**Exercise instructions**
Could the listing below be returned exactly, with its pictures left out?

**Supplied material**

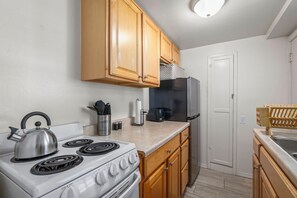 Fridge, microwave, oven, stovetop - Velvet Ember-1939 Midtown Reno-Refined Comfort-Queen Bed ·Full Kitchen · Pets OK (Reno)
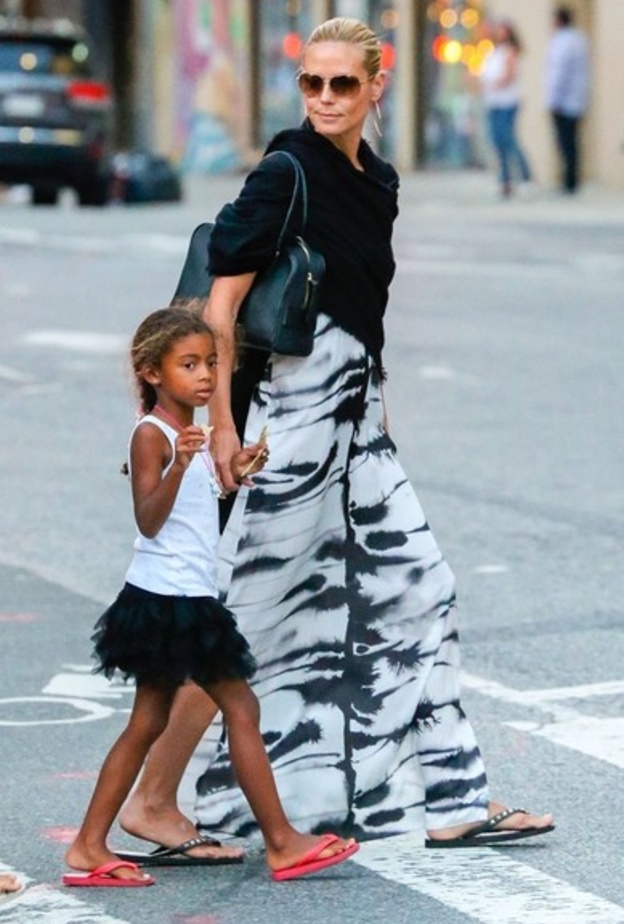 بالصور: هايدي كلوم تصطحب أطفالها للغداء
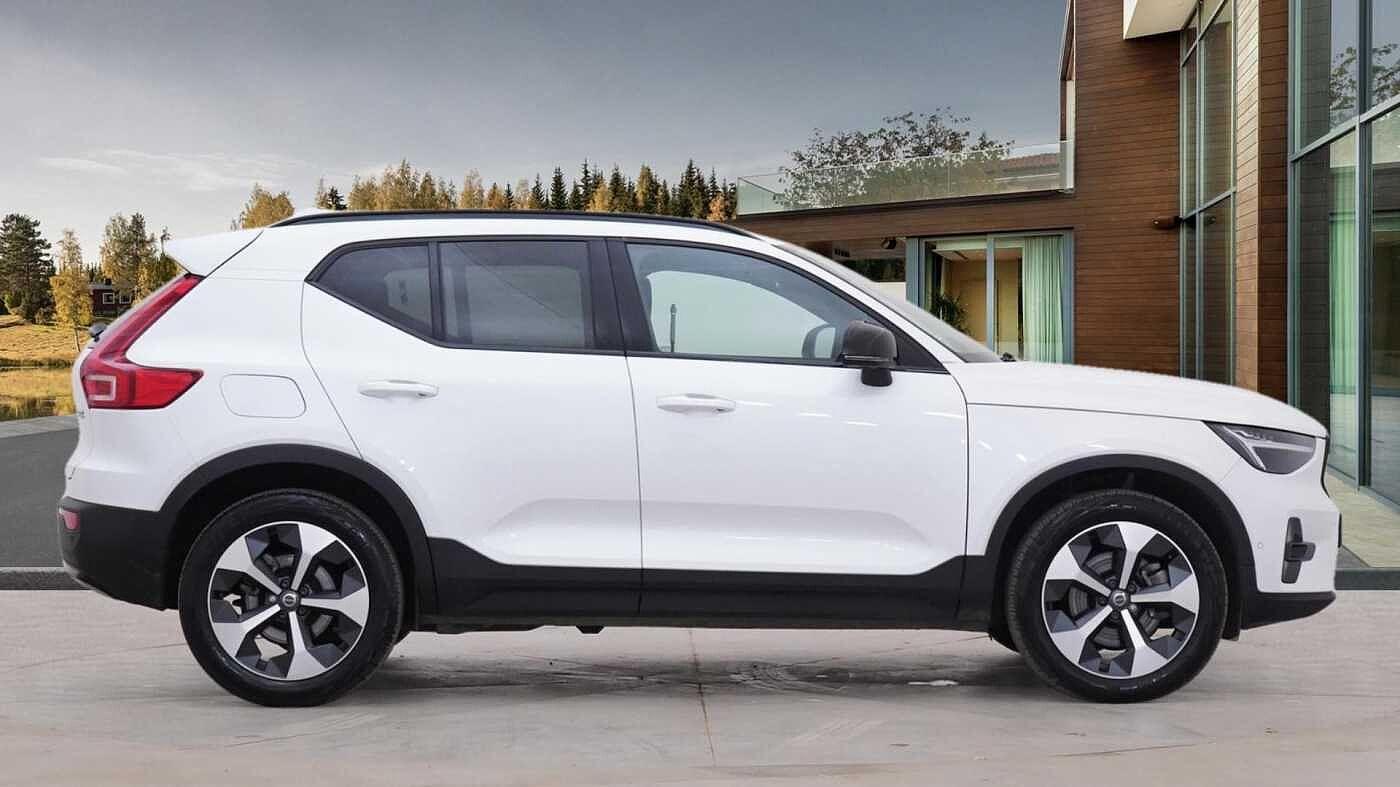 Volvo XC40 2.0 B3P Plus Dark 5dr Auto RO24PLJ Image 2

**Written solution**
 Fridge, microwave, oven, stovetop - Velvet Ember-1939 Midtown Reno-Refined Comfort-Queen Bed ·Full Kitchen · Pets OK (Reno)
 بالصور: هايدي كلوم تصطحب أطفالها للغداء
 Volvo XC40 2.0 B3P Plus Dark 5dr Auto RO24PLJ Image 2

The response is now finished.